We discussed whether we should have a new endpoint to pause/resume block finalization. We are leaning towards not doing so because we want to encourage BPs to use an inherently safe process of switching our their block finalization key on-chain. There may have been reluctance do this in the past because of the 6 minute delay (on EOS) for the new proposed producer schedule to take effect. However, with IF, we could have the finalizer set change very rapidly (within seconds).

We do need to document the correct process of handling BP block finalization failover (and how that can be kept separate process of handling BP block proposal failover which could still use the pause/resume endpoints) to educate the BPs. That is captured in another issue: https://github.com/AntelopeIO/spring/issues/93.

arhag commented 1 year ago

We discussed whether we should have a new endpoint to pause/resume block finalization. We are leaning towards not doing so because we want to encourage BPs to use an inherently safe process of switching our their block finalization key on-chain.

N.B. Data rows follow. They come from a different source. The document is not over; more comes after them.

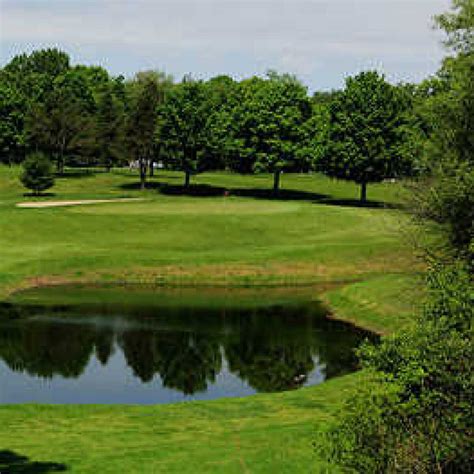 classic-hampshire-course-at-hampshire-country-club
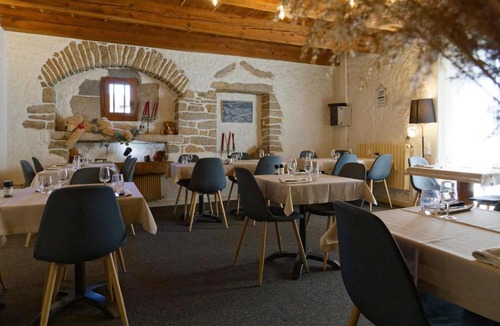 Besancon Hotel | Villla DUO
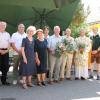 Die beiden Ehrenbürger, Schwiftings Benedikt Brandmeier (Vierter von rechts) und Alois Koch (Dritter von rechts), umrahmt von Bürgermeisterin Heike Schappele (hinten) und ihrem Stellvertreter Michael Beschorner (rechts), Pfarrer Martin Rudolph sowie den weiteren Geehrten: Hans Pfister (links), Anton Holdenrieder (Zweiter von links), Dr. Heide Weißhaar-Kiem (Dritte von links) und Annemarie Koch (Vierte von   links).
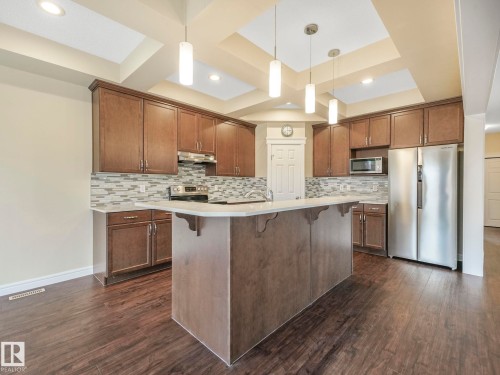 1427 161 Street, Edmonton, AB - Indoor Photo Showing Kitchen With Upgraded Kitchen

Feedback from @matthewdarwin here suggests that the BPs may still really want an endpoint to pause/resume finalization as well. A decision still needs to be made on whether we provide such an endpoint or not for 5.0, but even if we do, I think we still should keep the pause/resume of block production and pause/resume of block finalization separate APIs.

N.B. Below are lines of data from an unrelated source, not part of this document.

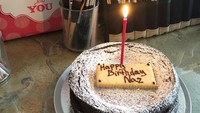 Yeay! Nazanin mendapat kejutan kue ulang tahun nih. Ada inisial nama Naz yang ditulis di atas cookies. Foto: Instagram nazaninboniadi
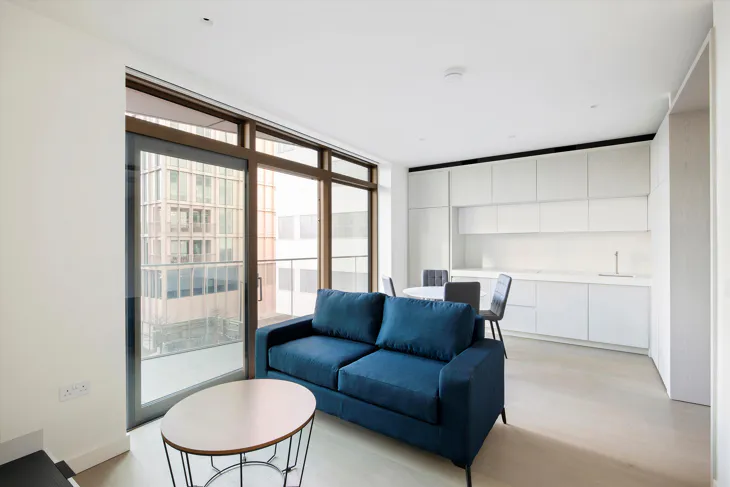 Flat Lewis Cubitt Walk in Greater London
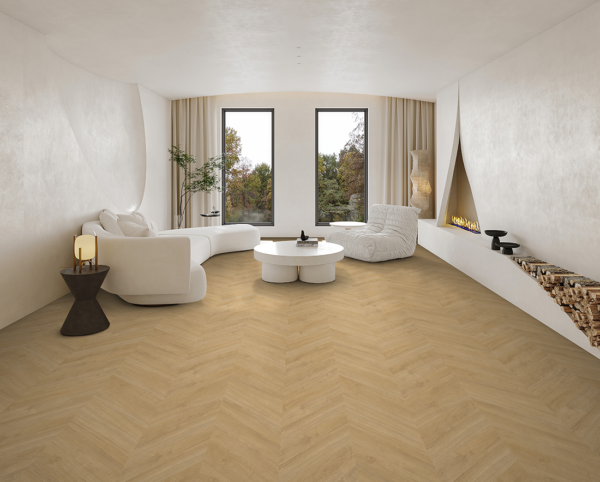 Albendo, vloeren specialist - Moderne minimalistische woonkamer met Plak PVC Hongaarse punt Desert - Dryback LV3702H visgraatvloer, witte gebogen sofa, ronde salontafel, unieke loungestoel, ingebouwde open haard, gestapeld brandhout, grote ramen en neutrale tinten.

matthewdarwin commented 1 year ago

It's a significant change, so let's have a discussion on this at the next node operator roundtable. @bhazzard @heifner

The current discussion of the rollout plans for upgrade, did not discuss the need for node operator management changes. Many BPs probably have been running the same process for last 5 years.

arhag commented 7 months ago

Current behavior of the implementation in the branch is for the endpoint to control block production only and not impact finalizer voting. There is no mechanism currently to pause/resume finalizer voting on a nodeos instance.

We currently do not see any value in adding such an endpoint. Failover to other finalizer nodes should be handled by using different keys per node and using the core contract to change the active finalizer key of the producer. This mechanism could in theory also be used to disable voting on all the finalizer nodes of a BP by setting as active a finalizer key that is not used by any of the live instances. But it is not recommended for a BP to do this since it is there responsibility to participate in finalizer voting as an active BP. If the BP wishes to temporarily disable their BP, they can do so through the core contract in which case they would be pulled out of the active BP set both as a finalizer and a block proposer.

If there was some reason to add an endpoint to pause/resume finalizer voting discovered, we would capture that enhancement through a separate issue.

But this issue has been resolved and can be closed.